*Given data*.

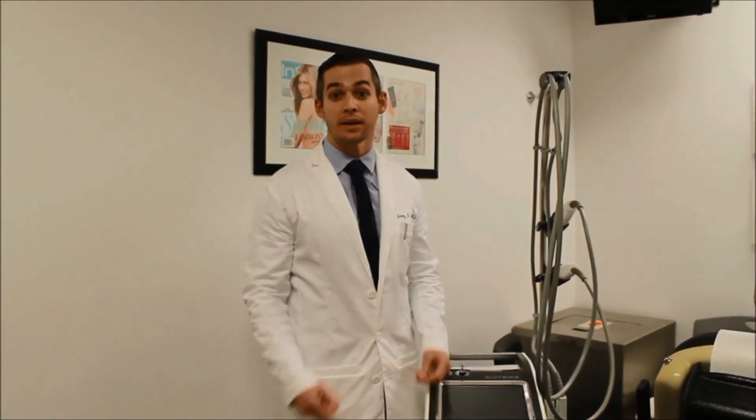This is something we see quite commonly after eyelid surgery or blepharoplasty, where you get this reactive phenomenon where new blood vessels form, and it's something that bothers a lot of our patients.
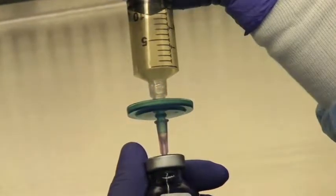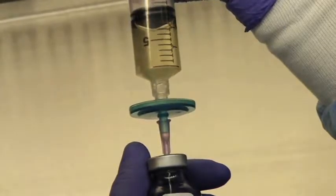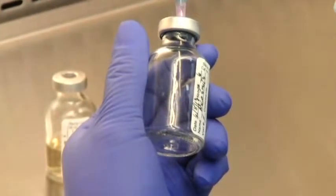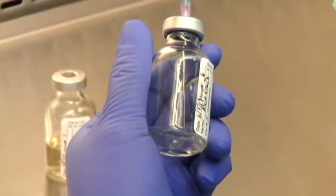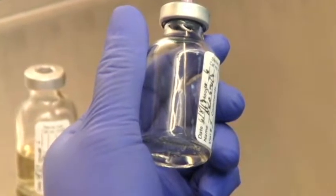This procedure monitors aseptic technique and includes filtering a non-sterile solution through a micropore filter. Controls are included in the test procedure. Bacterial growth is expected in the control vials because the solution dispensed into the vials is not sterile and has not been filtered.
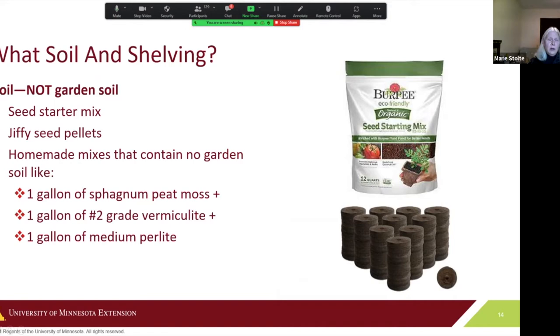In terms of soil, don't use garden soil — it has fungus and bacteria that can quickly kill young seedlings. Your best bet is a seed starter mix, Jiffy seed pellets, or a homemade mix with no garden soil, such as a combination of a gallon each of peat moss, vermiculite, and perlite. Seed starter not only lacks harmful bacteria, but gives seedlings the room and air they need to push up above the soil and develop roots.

...

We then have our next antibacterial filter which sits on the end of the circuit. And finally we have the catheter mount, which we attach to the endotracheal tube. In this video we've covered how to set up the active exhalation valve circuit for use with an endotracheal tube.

---

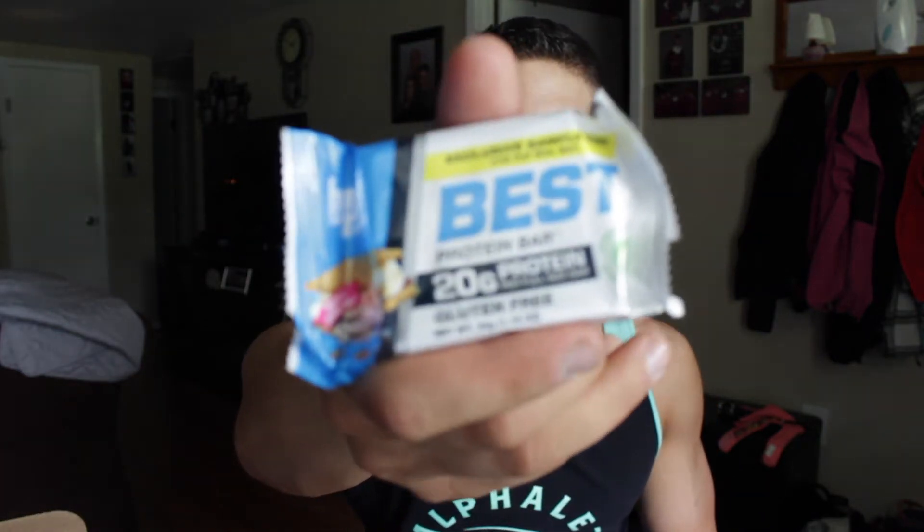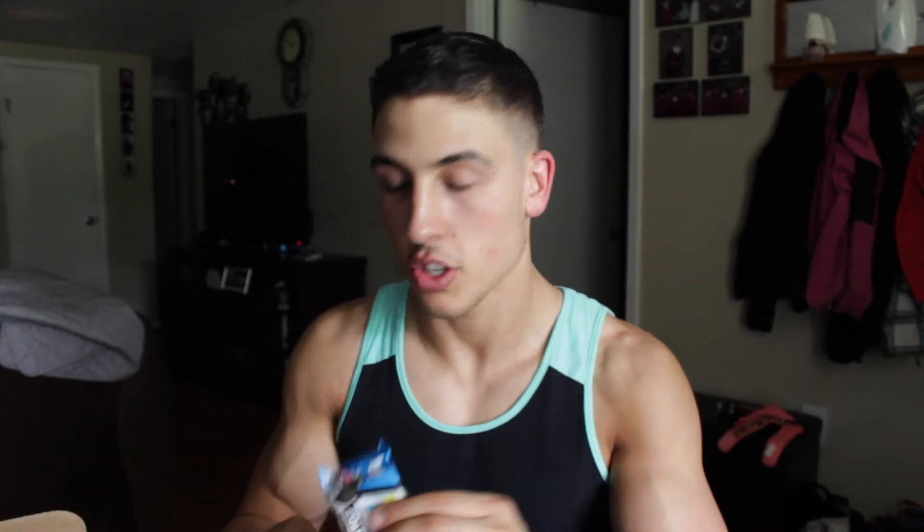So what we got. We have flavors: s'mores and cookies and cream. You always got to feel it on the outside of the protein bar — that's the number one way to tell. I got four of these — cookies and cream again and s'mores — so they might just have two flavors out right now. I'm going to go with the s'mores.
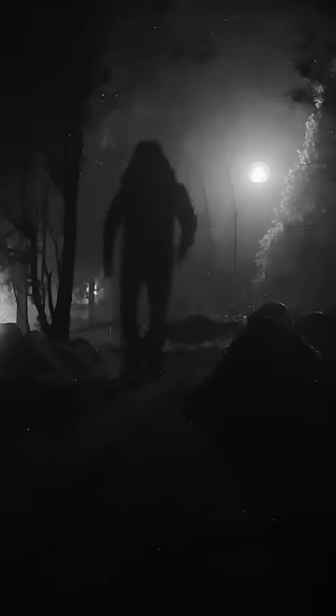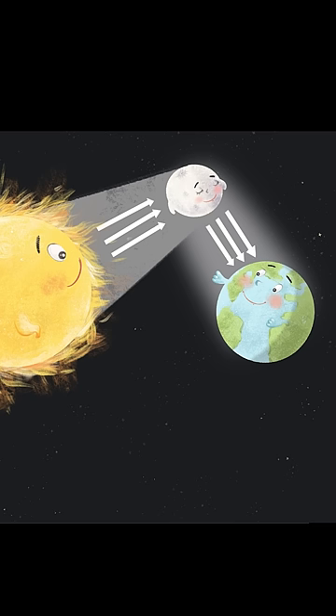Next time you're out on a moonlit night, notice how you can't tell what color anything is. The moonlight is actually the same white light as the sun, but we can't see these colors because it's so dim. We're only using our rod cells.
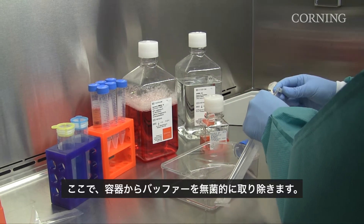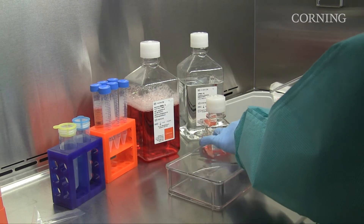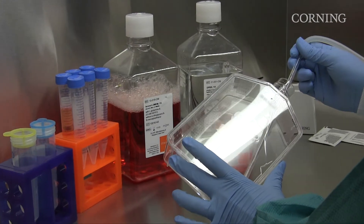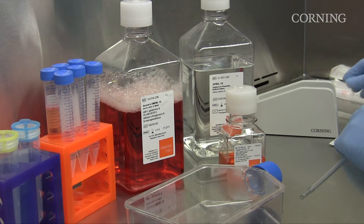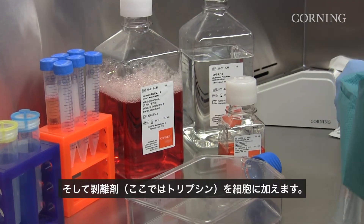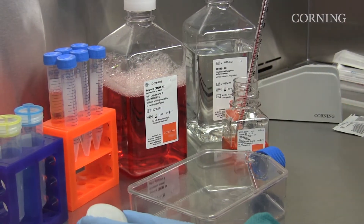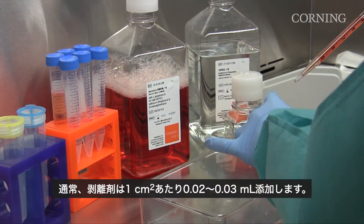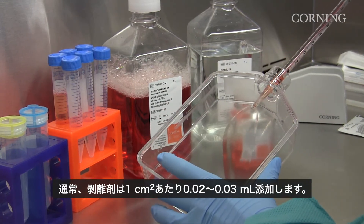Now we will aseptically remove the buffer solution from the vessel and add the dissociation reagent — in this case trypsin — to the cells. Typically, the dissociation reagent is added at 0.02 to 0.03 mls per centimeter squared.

*About this exercise*. Give the lines above again exactly, from the one containing "This is something" to the one containing "This procedure monitors", both included, but leave out the pictures.

*Answer to the exercise*.
This is something we see quite commonly after eyelid surgery or blepharoplasty, where you get this reactive phenomenon where new blood vessels form, and it's something that bothers a lot of our patients.
This procedure monitors aseptic technique and includes filtering a non-sterile solution through a micropore filter. Controls are included in the test procedure. Bacterial growth is expected in the control vials because the solution dispensed into the vials is not sterile and has not been filtered.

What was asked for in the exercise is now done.